Feature
Unlocking Industrial AI with Modern Data Ops
Akshata Agarwal, Robert Gallenberger
August 14, 2025
Category
Deep Dive
Published
August 14, 2025
With the advent of Industry 4.0 and as we pave way for a production system driven by agentic AI, the current state of the factory floor is being challenged. As we embed newer hardware in manufacturing combined with an ever-increasing no. of sensors and aim for adaptive collaboration between humans & robots in the pursuit of industrial gold that is efficiency, the OT/IT Automation Pyramid needs to undergo a transformation from being rigid, local & hierarchical (Traditional Automation Pyramid) to a dynamic, interconnected Factory Data Hub framework, enabling a real-time multi-lateral information flow (Modern Automation Stack), as visualized by below.

In our version of the modern automation stack, a defining change is that the traditional stack is united by a Factory Data Hub that is the underlying data infrastructure that connects all the layers to eliminate data silos and bring agility into the tech stack. In collaboration with Matterwave Ventures, this thought piece focuses on the Factory Data Hub and what it’ll take to establish a performant and future proof data infrastructure for smart factories.
Unlocking Industrial AI with Modern Data Ops
After last year’s surge in Industrial AI as can be seen in the Google Keyword Search results below, it was only a matter of time before smart teams turned their focus to the industrial complex. And it finally arrived: In recent months, Industrial AI and agents have become a hot topic in investor circles and funding rounds — fueling visions of smart factories run by intelligent systems.

But there seems to be a disconnect: Most factories haven’t even completed the Industry 4.0 transition.

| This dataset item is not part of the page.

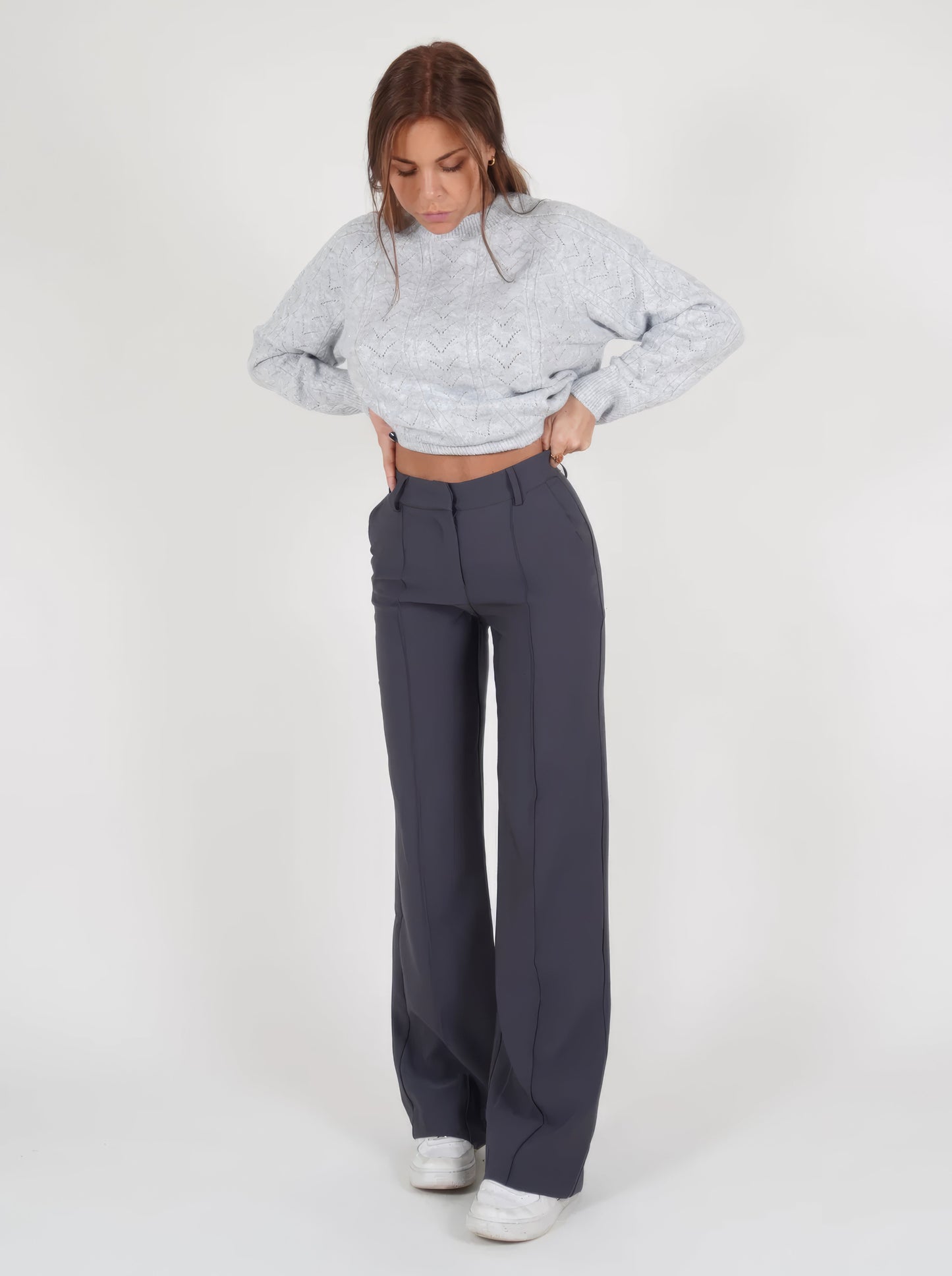 Eva | Wide Pants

Brownfield sites remain stuck in early-stage automation, and fewer than 15% of greenfield plants can be considered truly digitally transformed1.
In a world in which AI might serve as key to unlock an urgently needed productivity gain without causing downtime, OT/IT connectivity on the shopfloor must evolve from a backend concern to a strategic priority. In this piece, we explore why connectivity is still the missing link — and what it needs to become to support the next wave of industrial intelligence.
New Buzz, Old Problem
Most factories still rely on equipment and systems that were never designed to work together. From legacy assets out of the 80s to newer assets that come with embedded sensors and modern interfaces, factory floors are a complex patchwork of machines and systems built over decades. To make matters more complicated, the level of digitalization varies not just from company to company, but from site to site — and even more so across countries. But manufacturing is not just “horizontally” disconnected. Each system itself is designed to use its own communication protocols; system controls; collect and store data in proprietary data bases or historians or run on SCADA tools tailored to local setups and plant-specific use cases. There’s no global standard, no universal interface, and no consistent way to access or move data between machines, systems, or locations3.
As a result, many manufacturers face the same core issue: their data is technically there, but practically unusable. It’s trapped in closed systems, scattered across tools that don’t speak the same language, and difficult to extract. This makes any large-scale AI or automation project difficult to start, let alone scale.
Data Infrastructure as one of the key opportunities in the Factory tech stack
How do we address this challenge and give our industries a real shot at becoming future proof? Fortunately, this issue isn’t being overlooked (anymore) — there’s a growing ecosystem actively working on diverse solutions. Before exploring how various players are tackling it, we first turn our attention to the evolving architecture of the ‘Factory Data Hub’: a foundational data stack that integrates seamlessly with the broader factory tech stack and is essential for launching and scaling AI-driven applications.
For context, in the software stack represented below, as you go upwards each of the layers builds on the previous one. The part of the stack from the Connectivity to the Platform layer is what we call the ‘Factory Data Hub’ and is the foundation for smart factories. As the shop floors undergoes increasing digitization through adoption of new technologies, the need for a well-defined interface with the cloud is becoming more essential. To manage the vast amounts & different nature of data being generated on the shop floor and run AI heavy workflows with low latency, real-time responsiveness and economically, it is essential for complex and large factories to establish a hybrid architecture which includes on premise computation instead of transferring the entire data to the cloud. All this along with the need to connect internal systems like ERPs, WMS, MES, and OT systems from the shopfloor, calls for a new ‘middle layer” we call the “Platform Layer’ that brings all these functionalities together and gives an environment to develop, test, deploy and maintain applications with ease . While this is the ‘middle layer’, the core data infrastructure layer (Connectivity plus UNS) is where the real complexities get solved and the tech moat sits.
We’ll break down each of these layers and explore how the landscape is changing as the worlds of factory equipment (OT) and business technology (IT) become more closely connected. The following illustration shows how data moves from the shop floor up to business decision-making layers.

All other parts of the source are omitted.